Records provided:
************
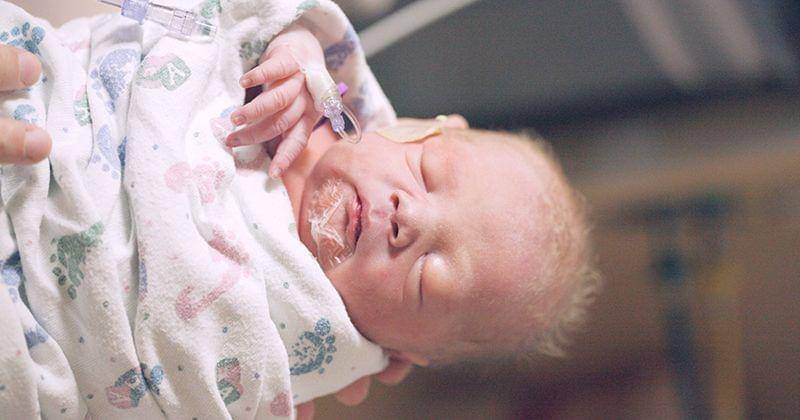 Unsplash/Sharon McCutcheon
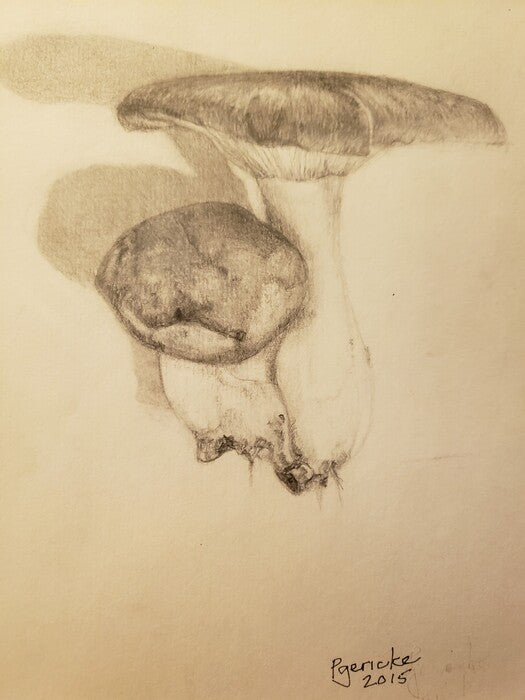 Wild Funghi, 2015, graphite on paper, 8 x 6 in. / 20.32 x 15.24 cm.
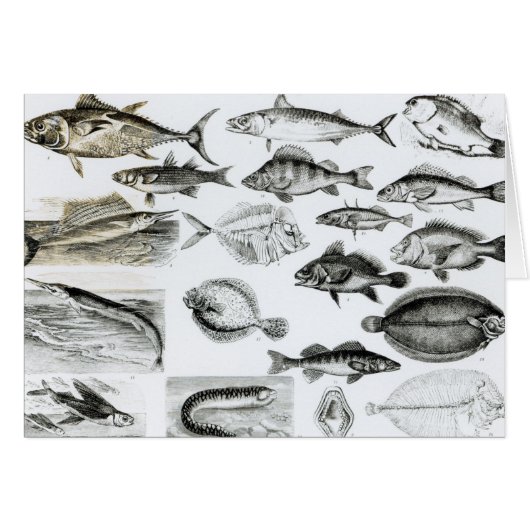 Ichthyology Osseous Fishes Cards (Front Horizontal)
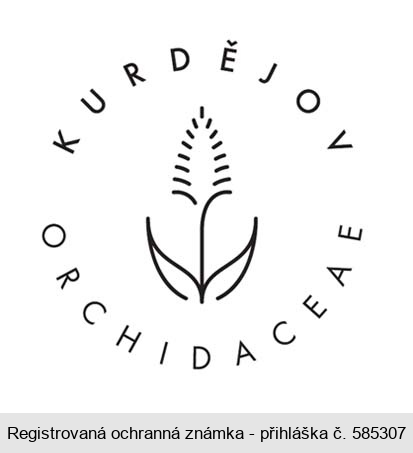 KURDĚJOV ORCHIDACEAE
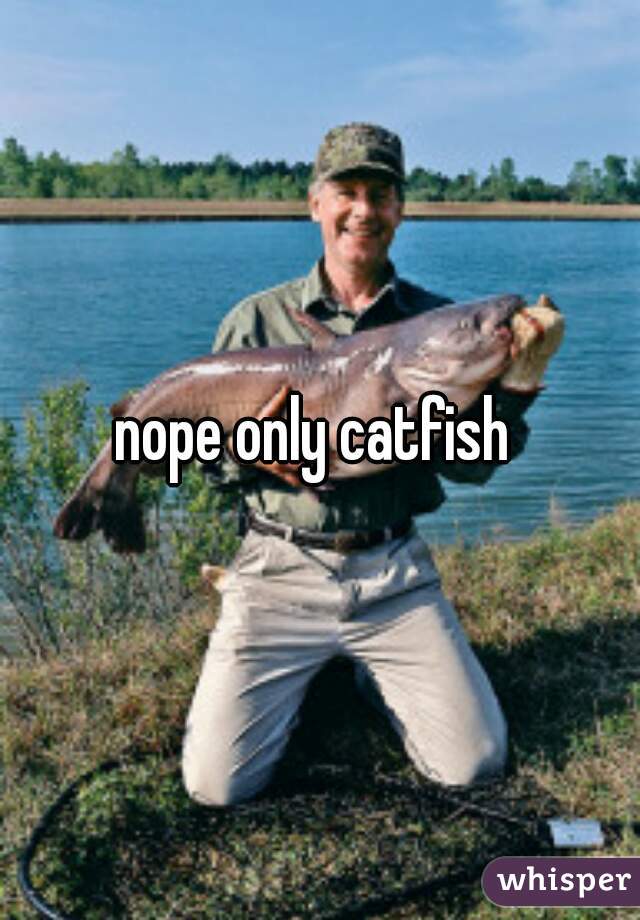 nope only catfish 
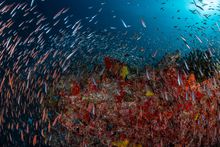 The Westin Maldives Miriandhoo Resort - Diver's Paradise in Baa Atoll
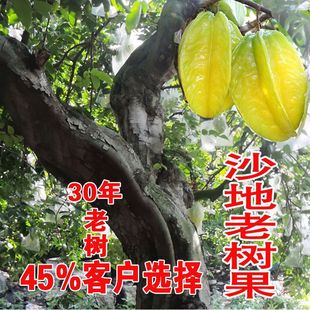 �������r�����ˮ���������ЋD̨���t��������������l���]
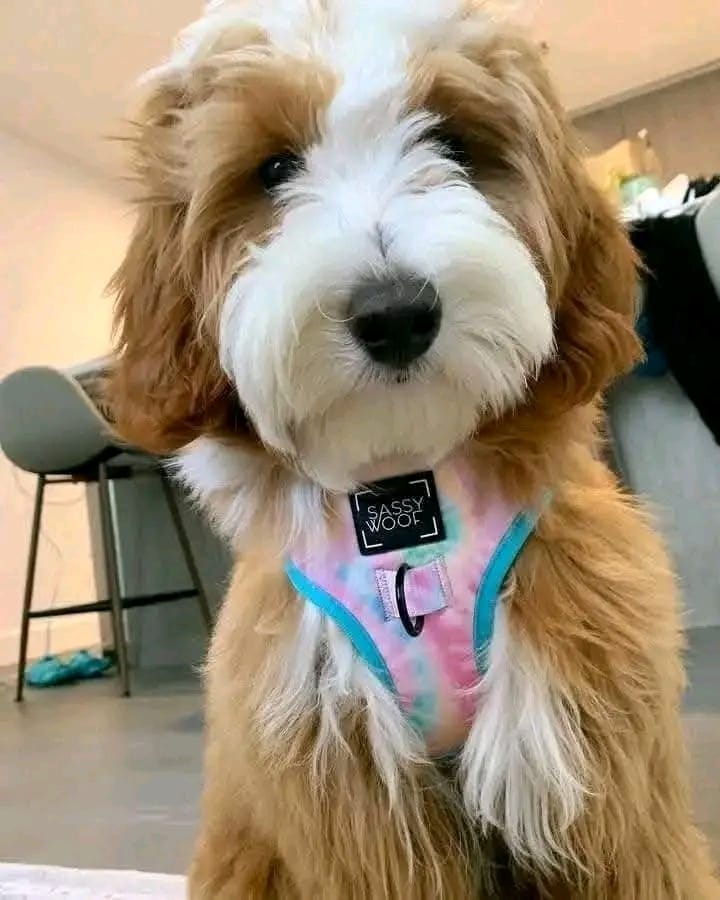 Meet Shella - Image 4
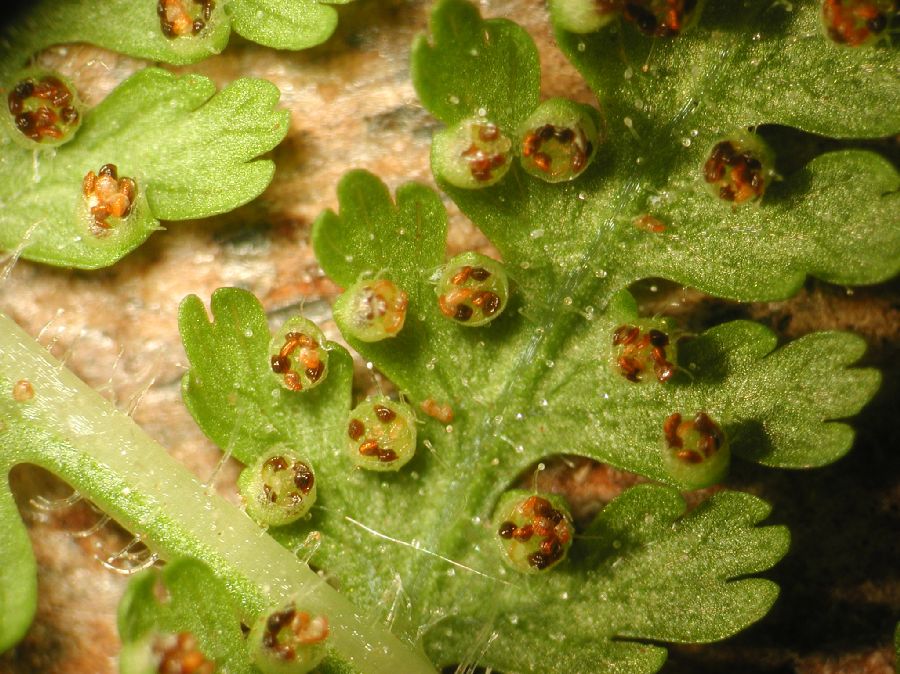 Dennstaedtiaceae Dennstaedtia punctilobula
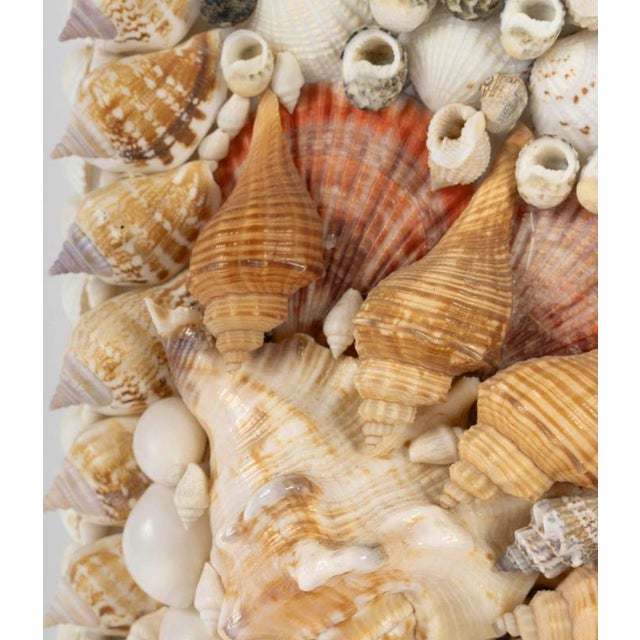 20th Century Shell Mirror For Sale - Image 5 of 9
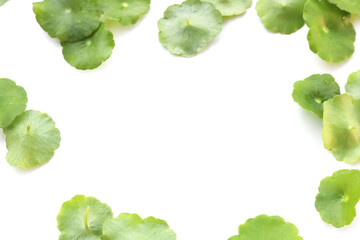 Fototapeta premium Fresh green pannywort plant leaves on a white background.
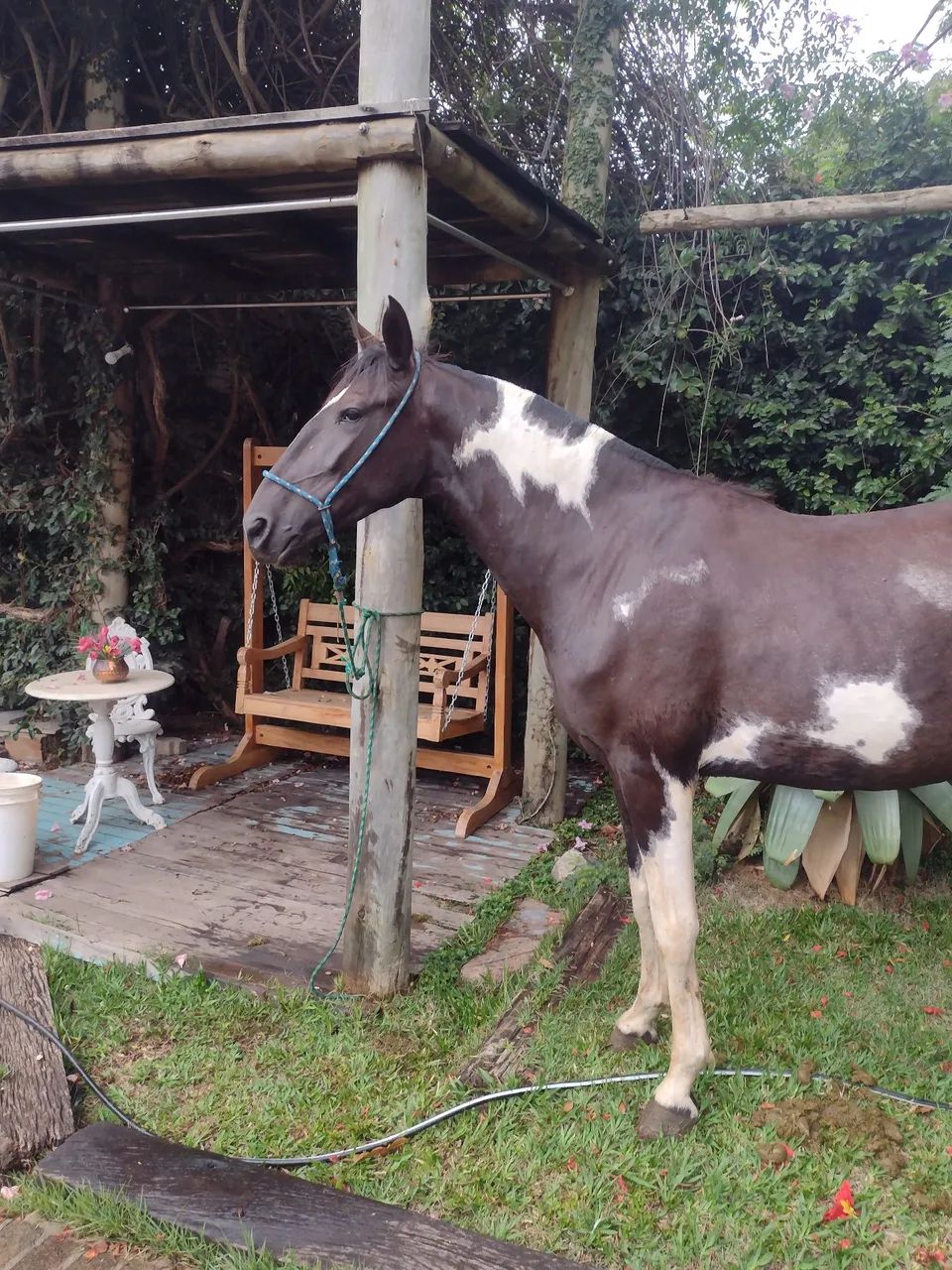 Égua campolina - Foto 2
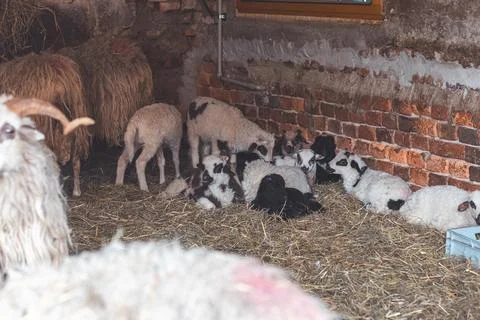 Lambs resting peacefully on a bed of straw against a rustic brick wall in a c Fotos Stock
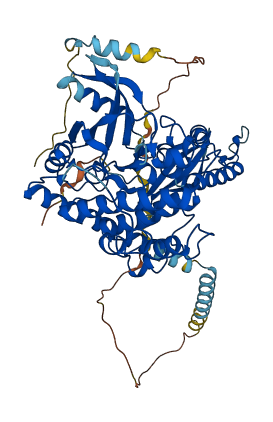 PXK 3D structure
************
Task directions: Return only the line with "Fototapeta premium Fresh" and the lines after it up to the end of the records, exact and free of pictures.

Finished exercise:
 Fototapeta premium Fresh green pannywort plant leaves on a white background.
 Égua campolina - Foto 2
 Lambs resting peacefully on a bed of straw against a rustic brick wall in a c Fotos Stock
 PXK 3D structure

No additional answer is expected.